Task objective: Your answer must be the lines from the first record through the line that contains "Botas Itaska Cuero", copied exactly and without any pictures.

[Opening Dataset excerpts section]

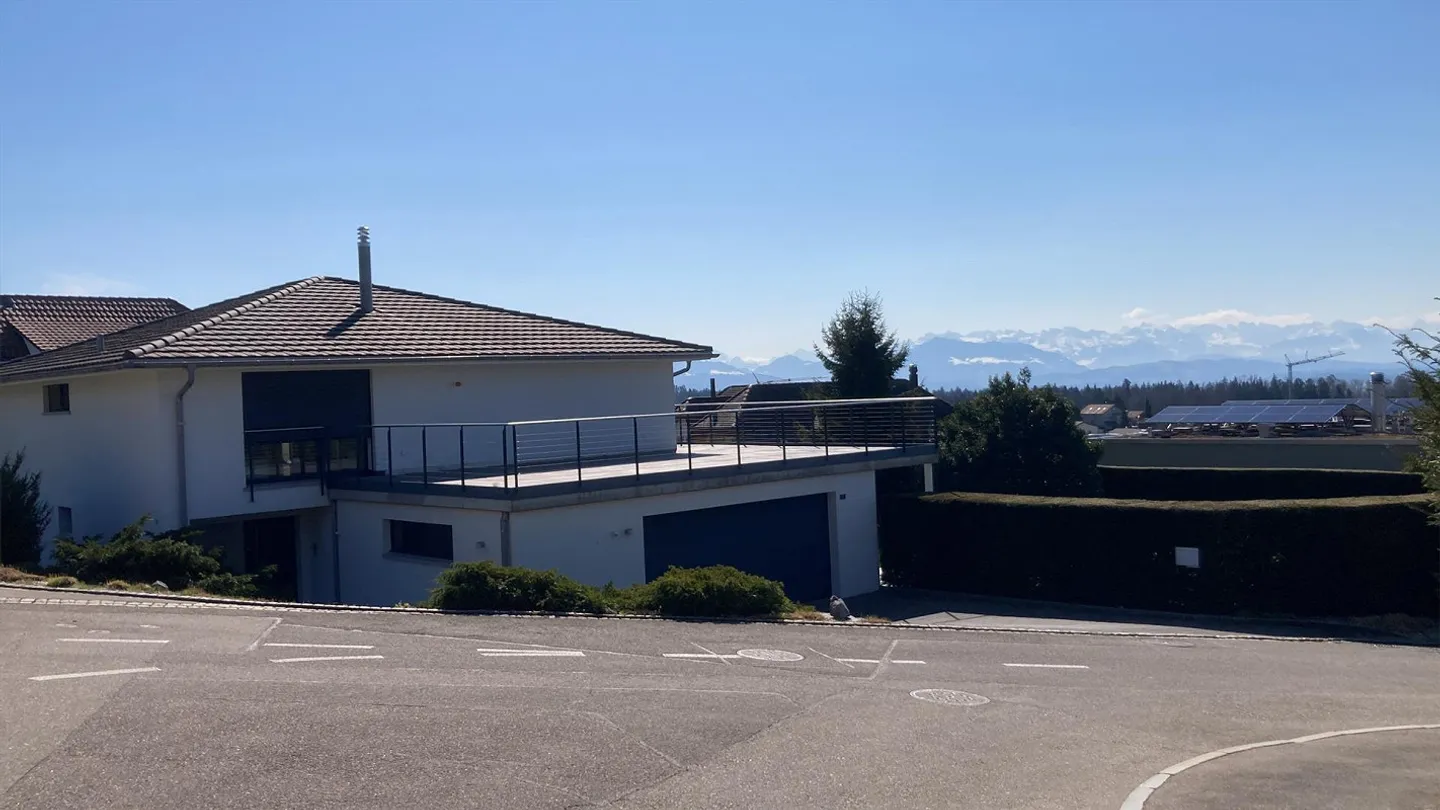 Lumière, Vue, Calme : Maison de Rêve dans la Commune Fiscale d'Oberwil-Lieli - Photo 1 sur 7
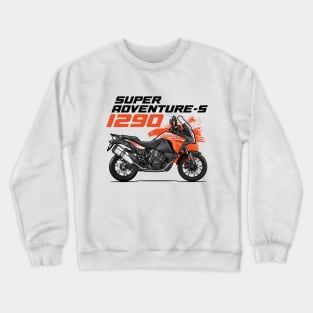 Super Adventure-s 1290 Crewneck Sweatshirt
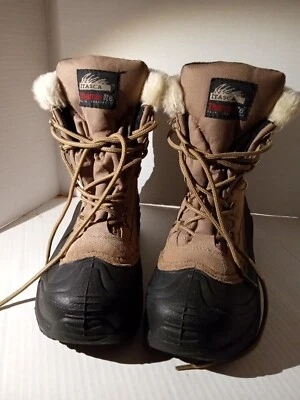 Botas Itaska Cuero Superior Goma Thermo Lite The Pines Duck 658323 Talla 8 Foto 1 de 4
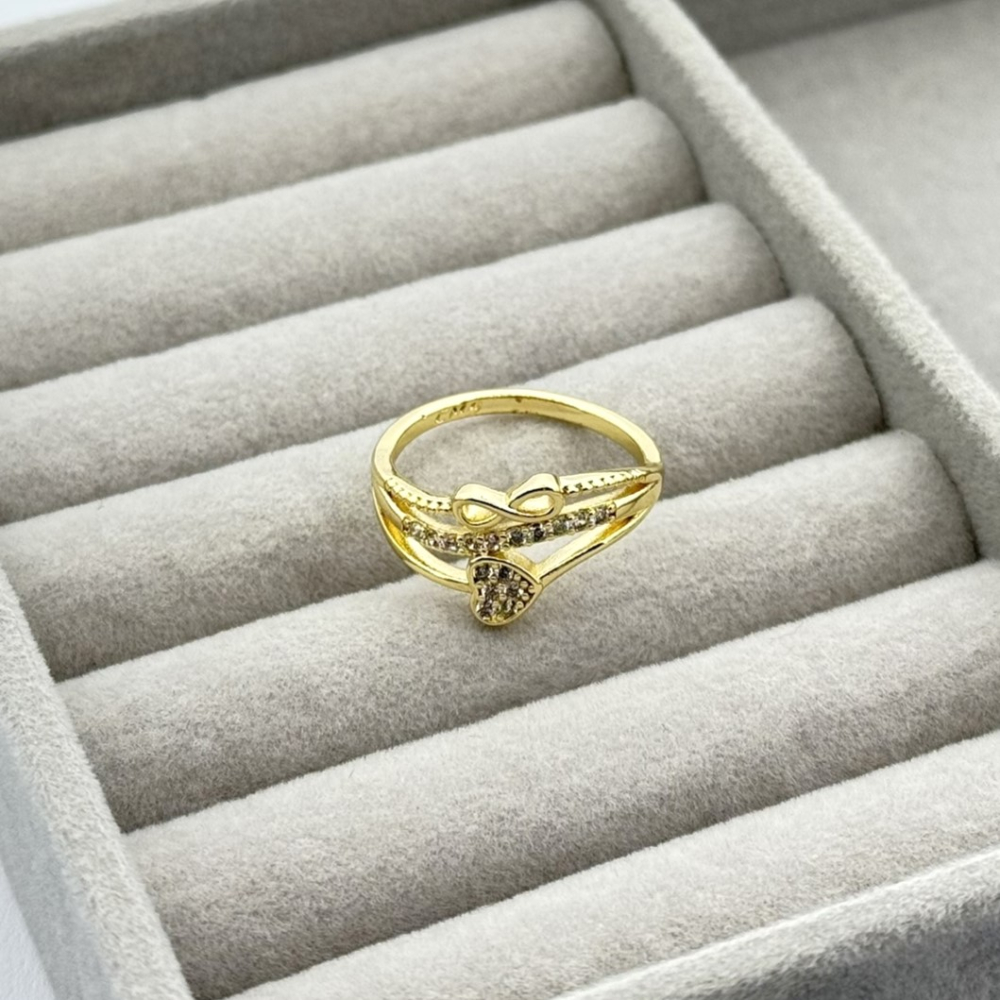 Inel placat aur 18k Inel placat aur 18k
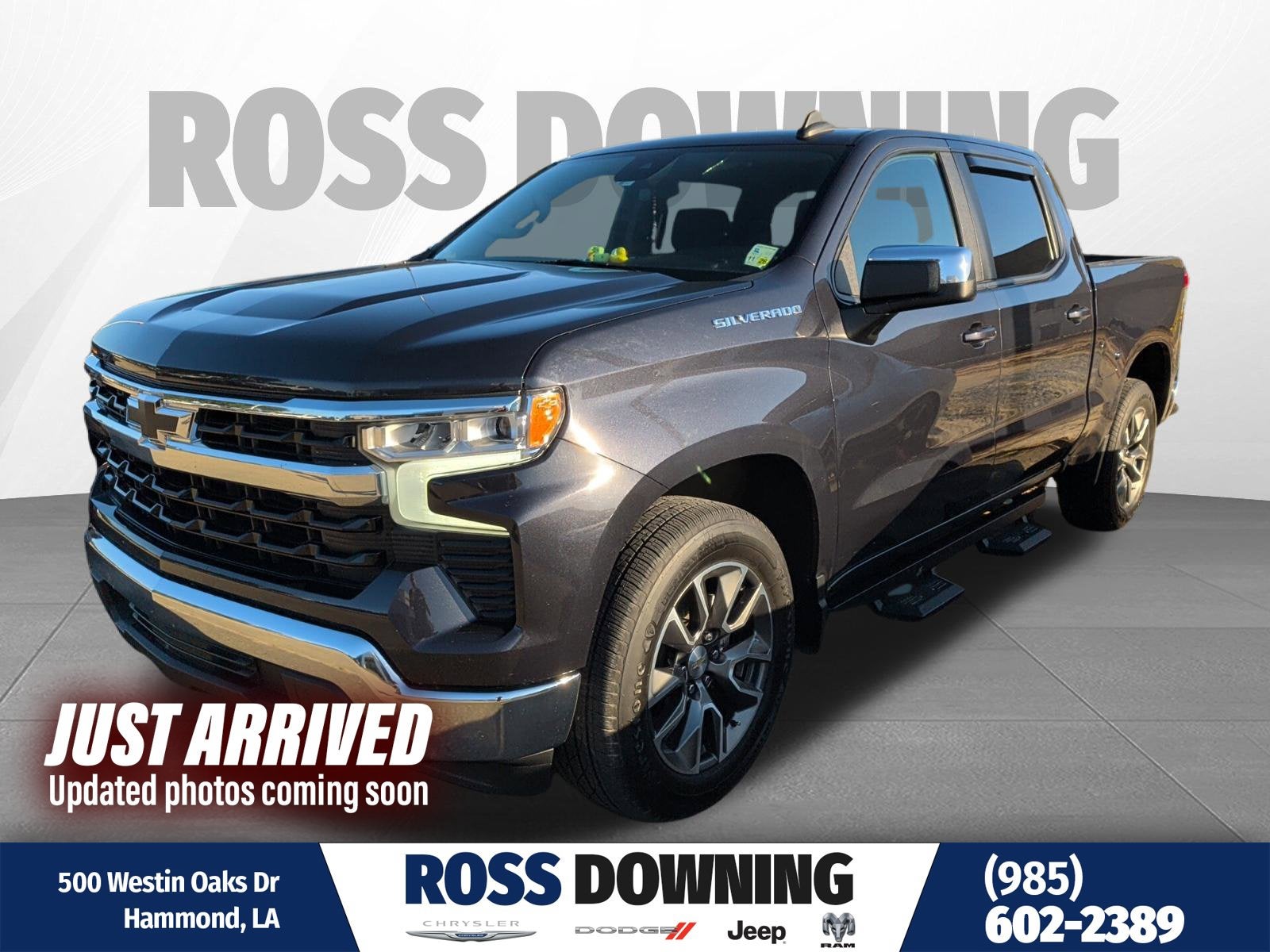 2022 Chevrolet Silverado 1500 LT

[Closing Dataset excerpts section]

Answer space:
 Lumière, Vue, Calme : Maison de Rêve dans la Commune Fiscale d'Oberwil-Lieli - Photo 1 sur 7
 Super Adventure-s 1290 Crewneck Sweatshirt
 Botas Itaska Cuero Superior Goma Thermo Lite The Pines Duck 658323 Talla 8 Foto 1 de 4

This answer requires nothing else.